WHAT IS REQUIRED —
Pictures stay out of the copy. Repeat exactly the lines from the first entry below through the line that contains "Blifestyle Barfußsandalen Kammmolch", and nothing beyond.

-- Opening Marker --

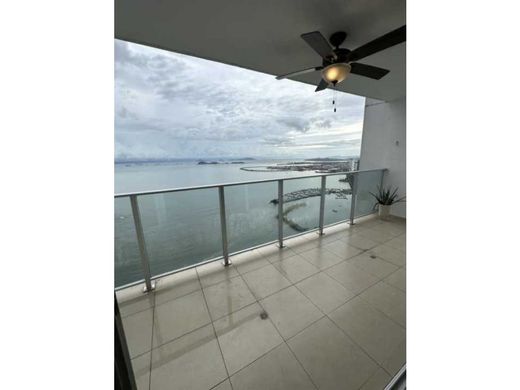 Apartment in Panama City, Distrito de Panamá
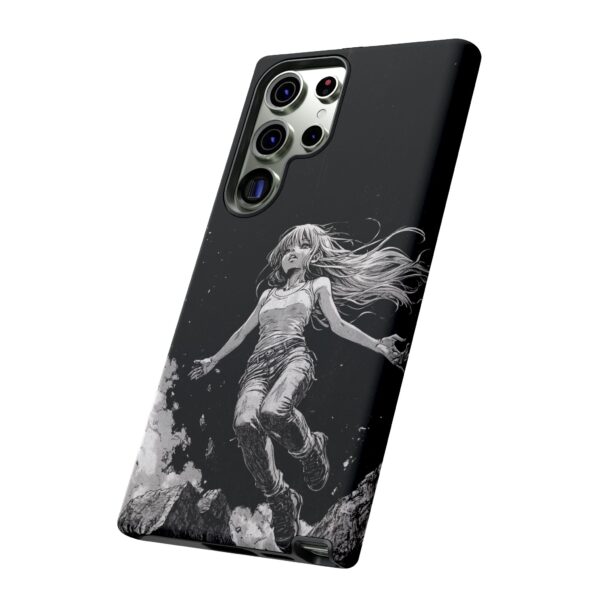 Etherial Art Dark Phone Case - Image 84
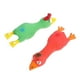thumbnail image 3 of Latex Dog Chew Toy for Pet Use 2Pcs Durable Squeaky Puppy Chew Toy Set, 3 of 3
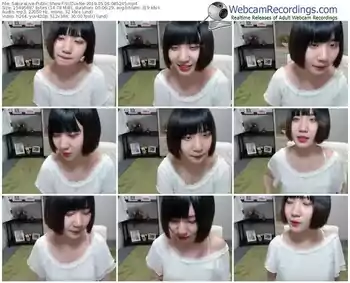 sakuralivejp-suzuxne-webcam-show-05_06_2019-08_52_45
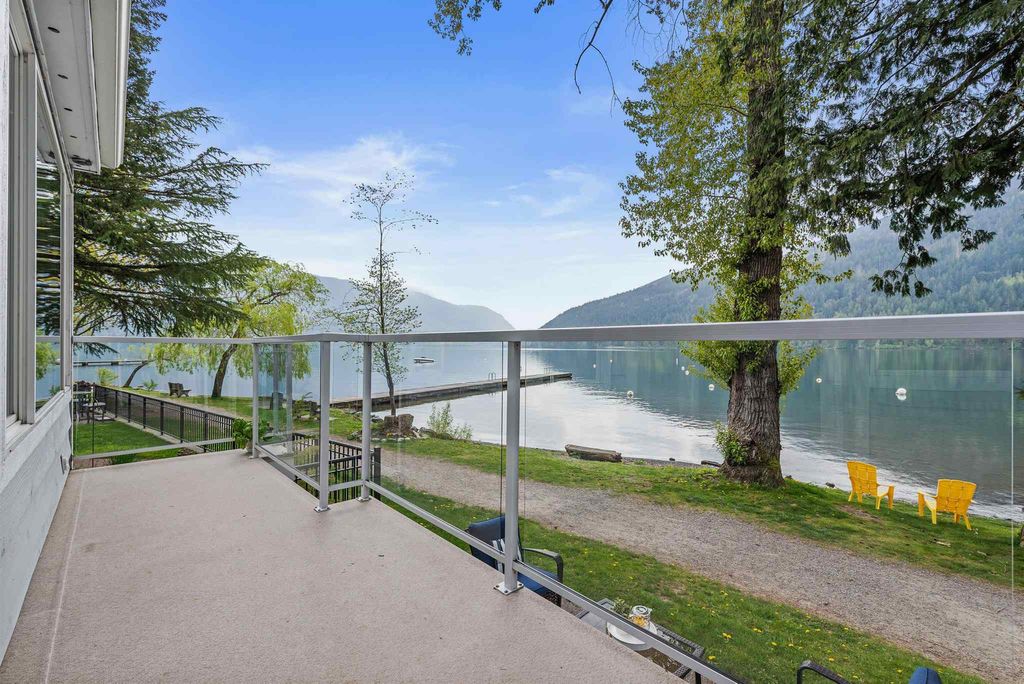 listing image 1108426351052308446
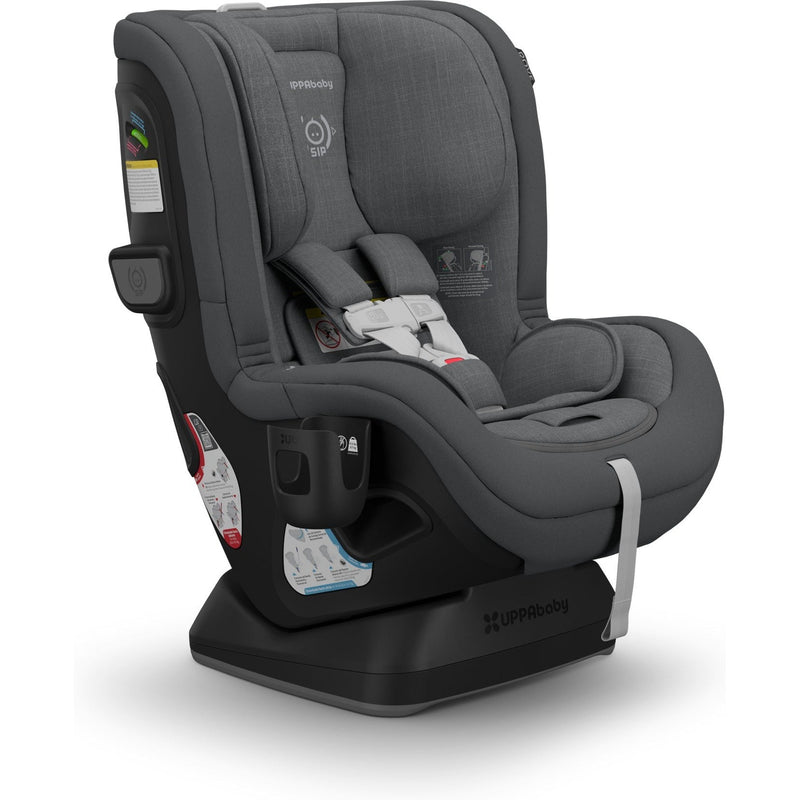 Load image into Gallery viewer, UPPAbaby Rove Convertible Car Seat
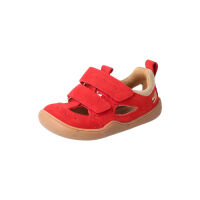Blifestyle Barfußsandalen Kammmolch BV15901L670...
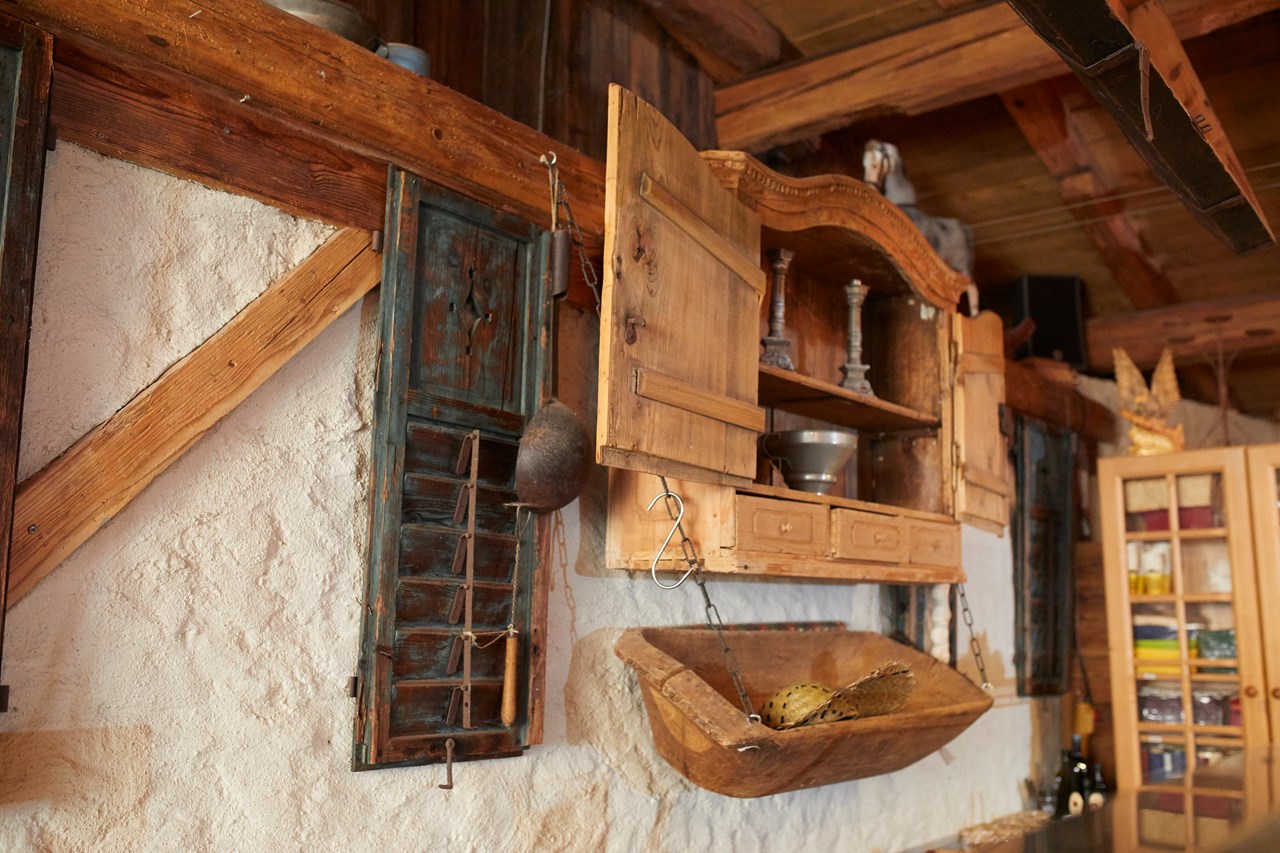 ALMHÜTTE GRAZ Angaben zu den Festsälen 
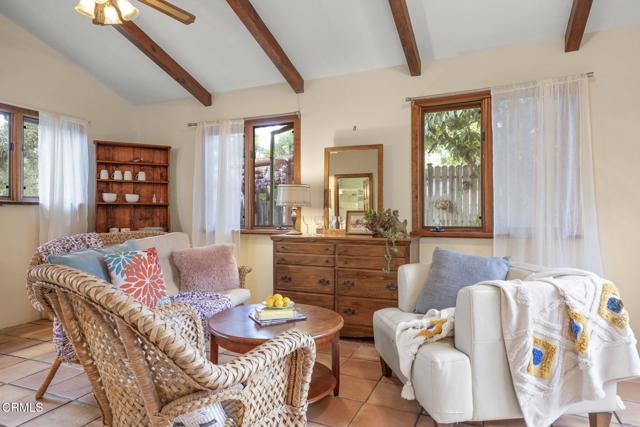 308 Topa Topa Drive, Ojai CA: https://media.crmls.org/mediaz/4aed5d04-8bec-4ede-bdf1-895e7e988808.jpg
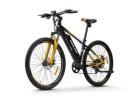Best Places to Buy Electric Bicycle Online in India 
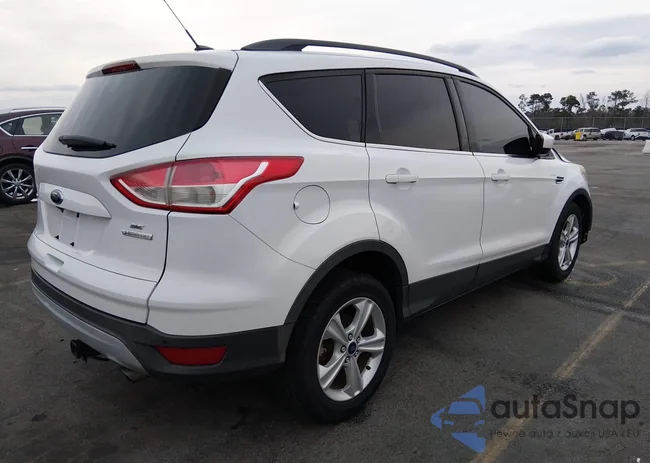 1FMCU0G9XEUC64828: 44469185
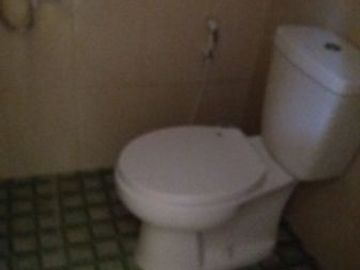 Rumah Cluster 2 Lantai Di Bintara Bekasi Barat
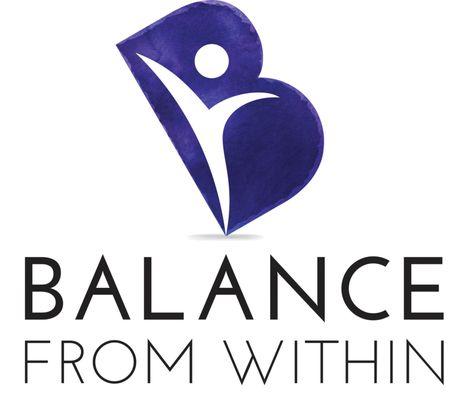 Balance From Within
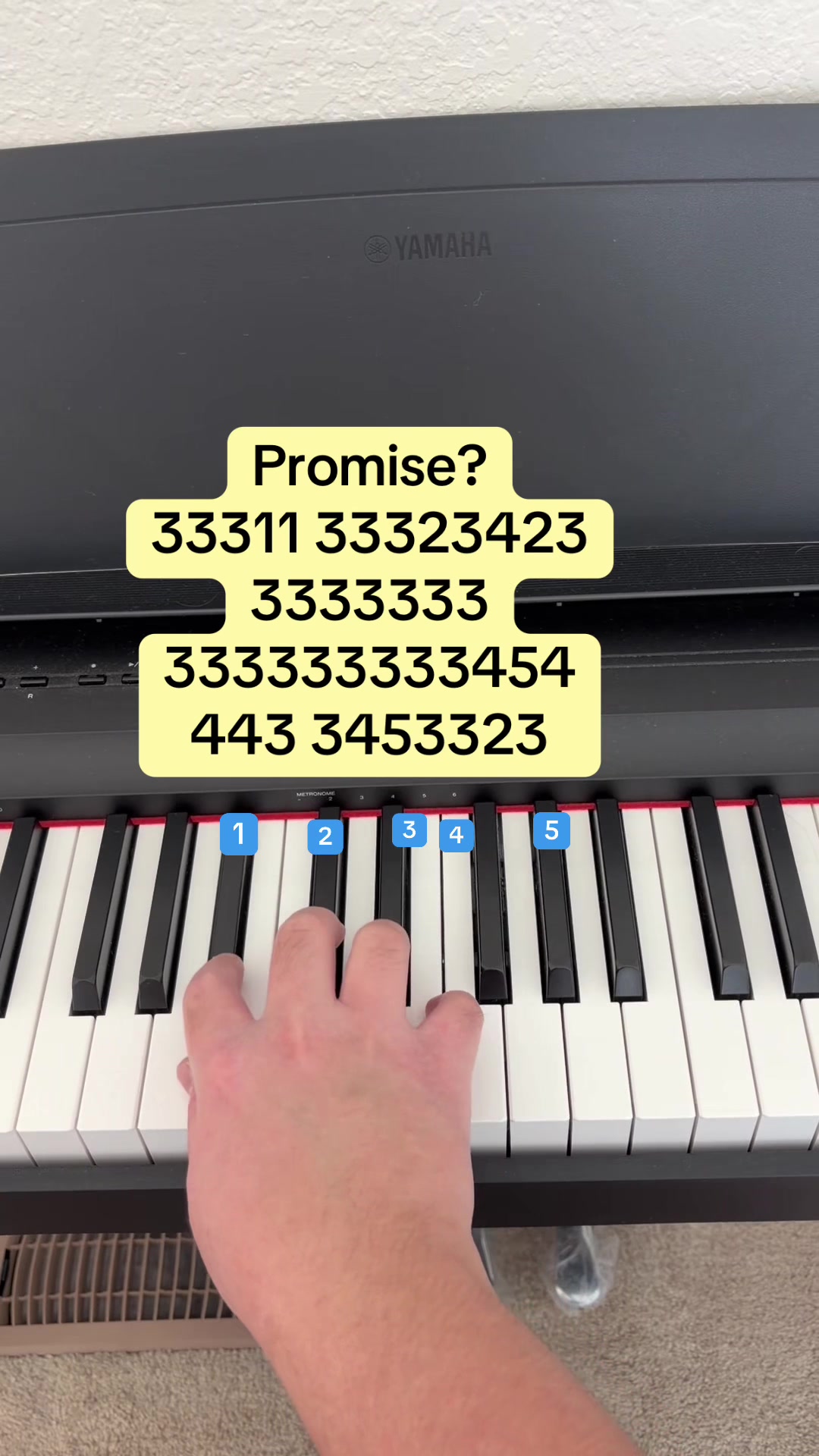 @Piano 🎹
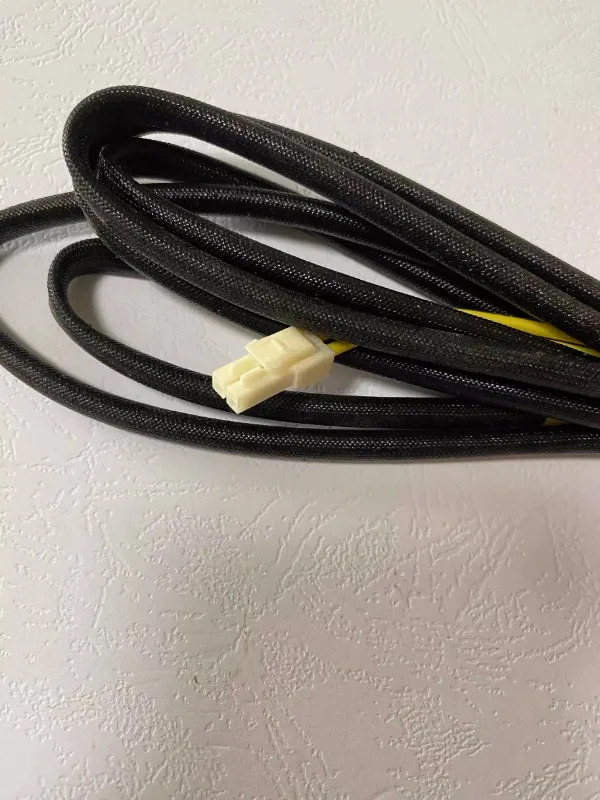 3PCS H20PS 압력 컨트롤러 OFF 4.4MPa ON 3.2MPa 고압 저압 스위치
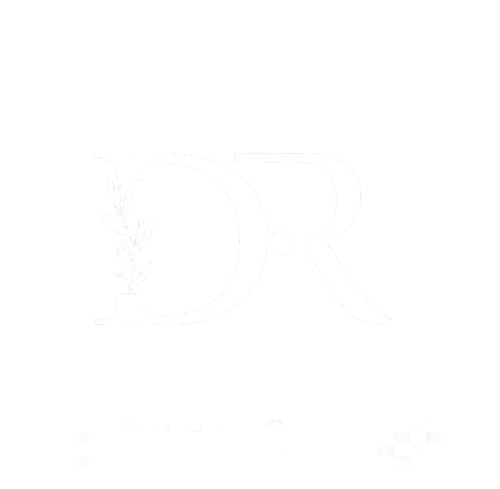 DelRome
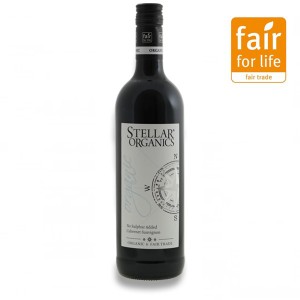 stellar-cabernet-sauvignon-fair-trade-biologische-wijn-zonder-sulfiet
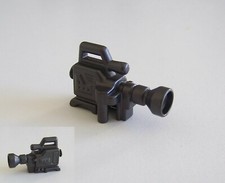 PLAYMOBIL (CC101) TELEVISION -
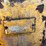 caterpillar-d4-image-23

-- Closing Marker --

WRITTEN SOLUTION —
 Apartment in Panama City, Distrito de Panamá
 Etherial Art Dark Phone Case - Image 84
thumbnail image 3 of Latex Dog Chew Toy for Pet Use 2Pcs Durable Squeaky Puppy Chew Toy Set, 3 of 3
 sakuralivejp-suzuxne-webcam-show-05_06_2019-08_52_45
 listing image 1108426351052308446
 Load image into Gallery viewer, UPPAbaby Rove Convertible Car Seat
Blifestyle Barfußsandalen Kammmolch BV15901L670...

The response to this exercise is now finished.